**Dataset records**
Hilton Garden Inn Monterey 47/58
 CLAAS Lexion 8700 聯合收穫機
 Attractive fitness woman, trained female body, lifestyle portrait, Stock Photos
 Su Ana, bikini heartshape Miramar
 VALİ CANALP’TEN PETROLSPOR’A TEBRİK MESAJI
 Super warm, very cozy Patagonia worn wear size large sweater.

**What this task involves**
Using the records above, write out exactly the lines from the one containing "VALİ CANALP’TEN PETROLSPOR’A TEBRİK MESAJI" through the last, and add nothing.

**The completed task**
 VALİ CANALP’TEN PETROLSPOR’A TEBRİK MESAJI
 Super warm, very cozy Patagonia worn wear size large sweater.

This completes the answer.